**Exercise requirements:** Pictures are to be left out; every line from the one that holds "Czekolada - Wedel" to the end of the data is to be retyped exactly.

* * * * *

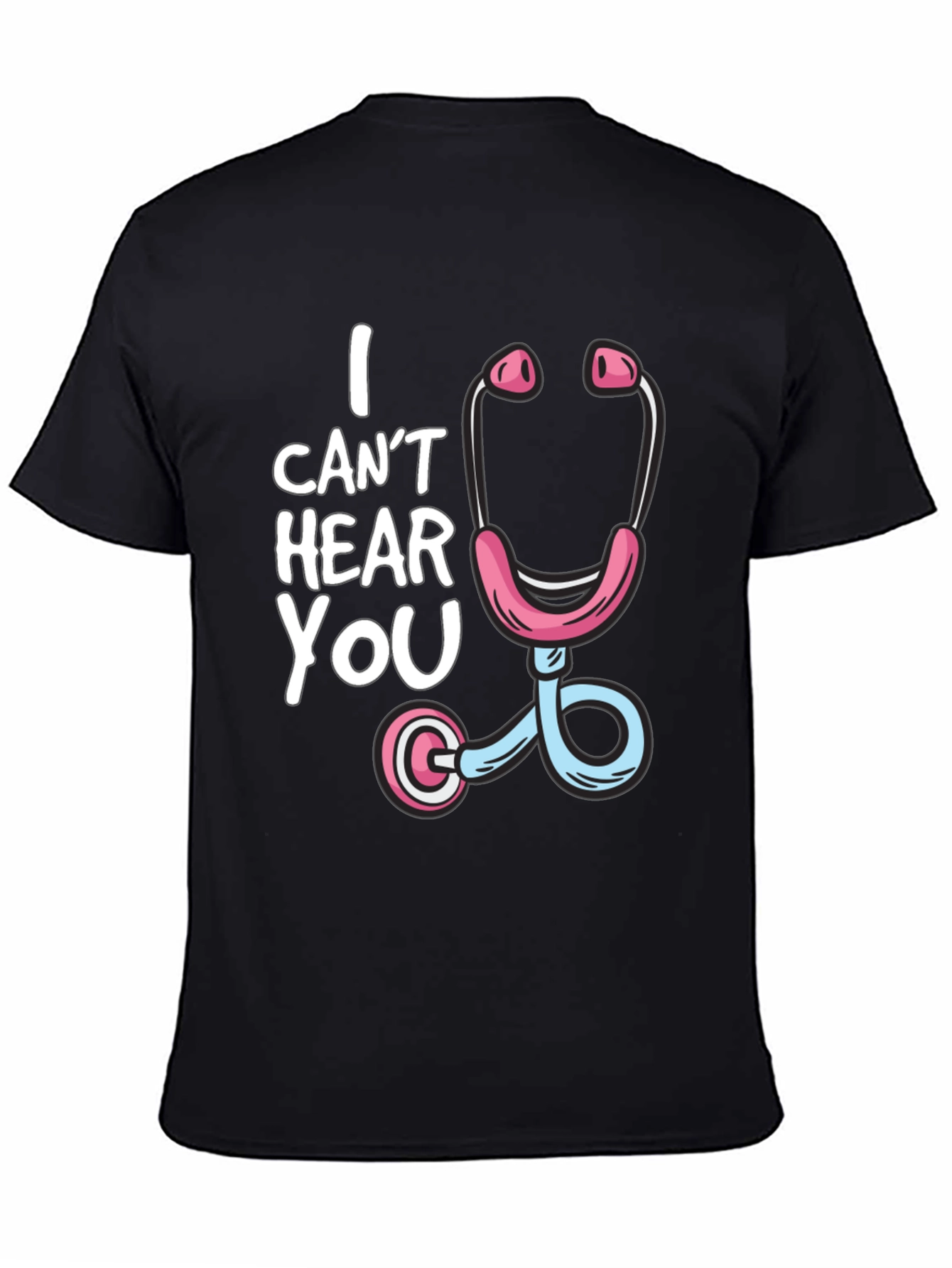 Funny Doctor Stethoscope Graphic T-Shirt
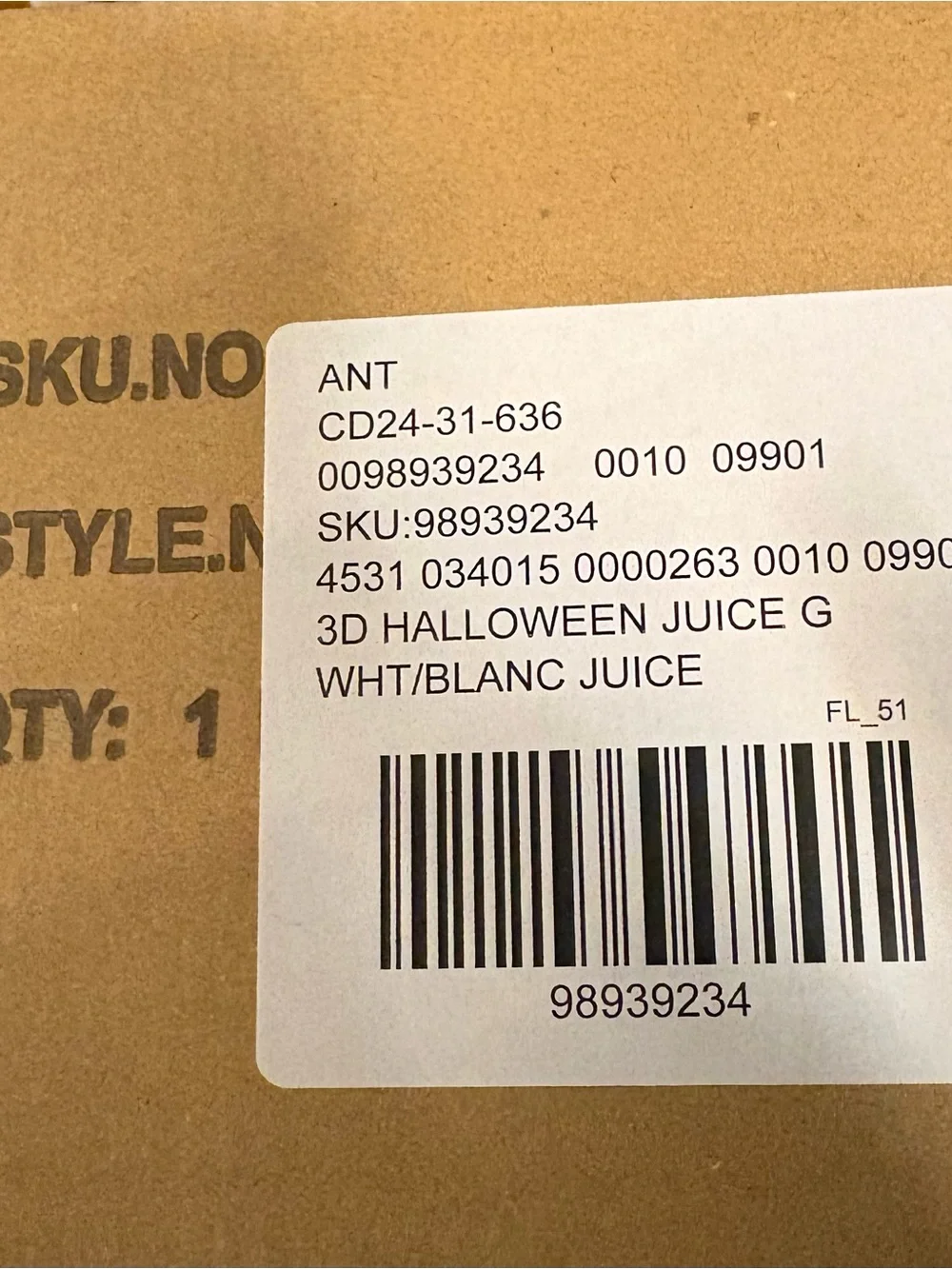 Anthropologie 3D Halloween Icon Juice Glass Ghost NIB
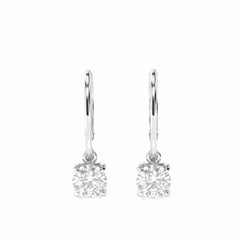 2.00 TCW Round Brilliant Cut Drop Dangle 10K Lab Grown Diamond Earrings for Women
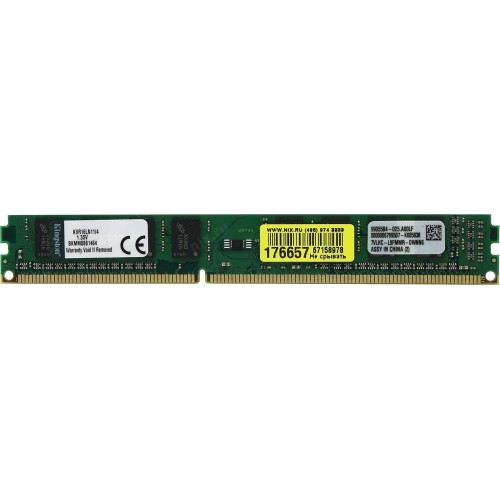 Оперативная память Kingston ValueRAM 4 ГБ DDR3L 1600 МГц DIMM CL11 (KVR16LN11/4WP) 7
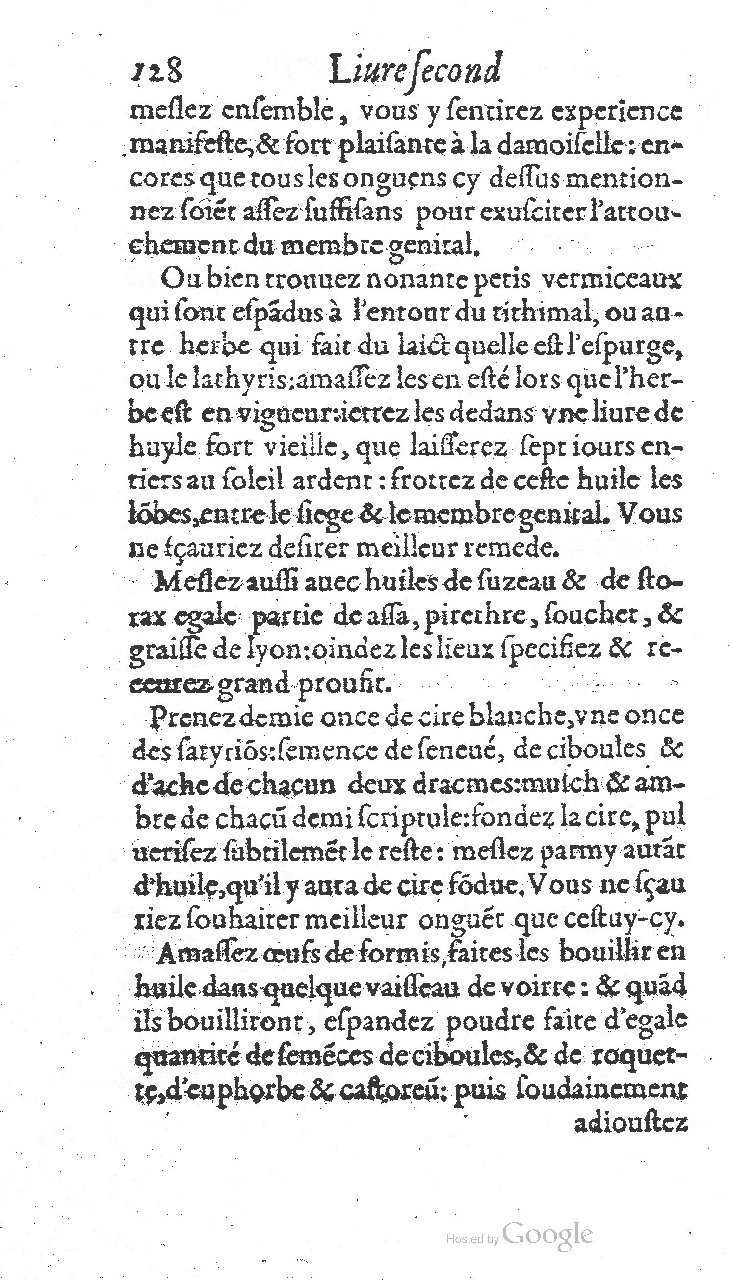 1585 - Jacques du Puis - Trésor des remèdes secrets pour les maladies des femmes - BnF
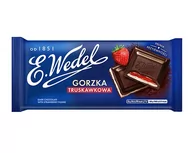 Czekolada - Wedel CZEKOLADA TRUSKAWKOWA GORZKA 100G - miniaturka - grafika 1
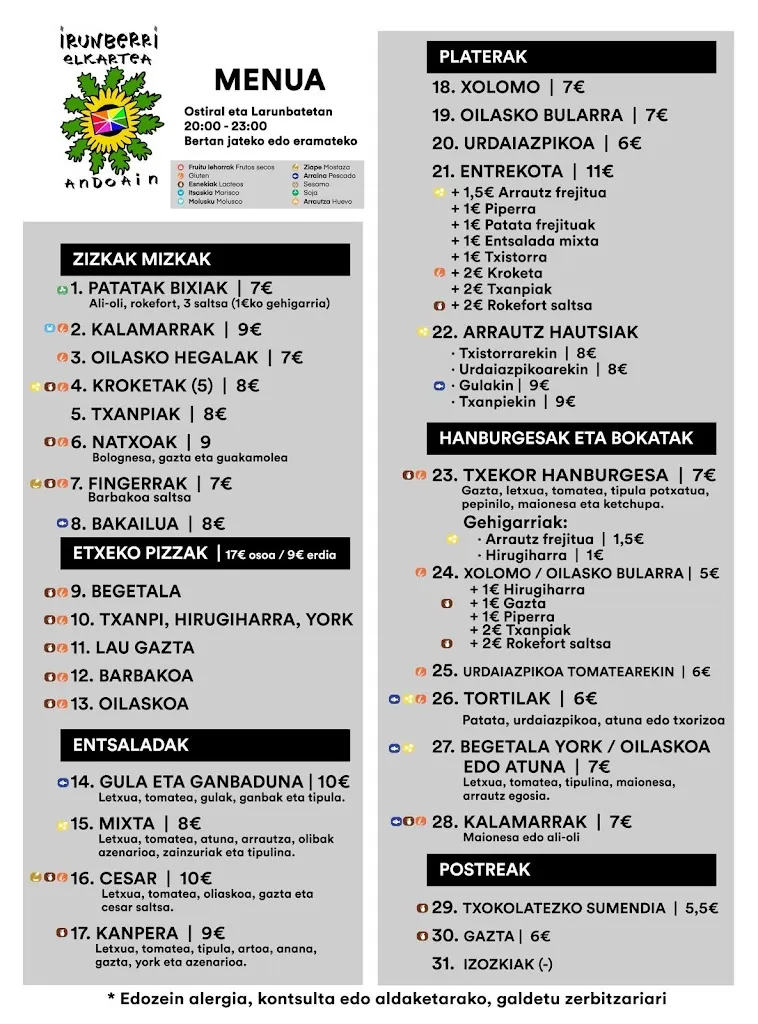 Menu_Irunberri Herriko Taberna_Andoain_image_1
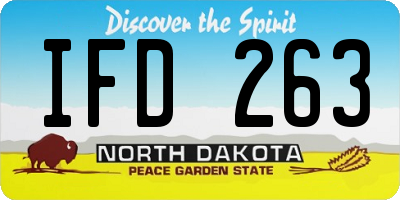 ND license plate IFD263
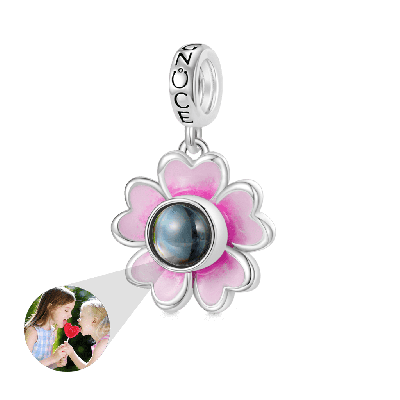 Sakura Projection Photo Pendant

* * * * *

**Solution:**
 Czekolada - Wedel CZEKOLADA TRUSKAWKOWA GORZKA 100G - miniaturka - grafika 1
 Menu_Irunberri Herriko Taberna_Andoain_image_1
 ND license plate IFD263
 Sakura Projection Photo Pendant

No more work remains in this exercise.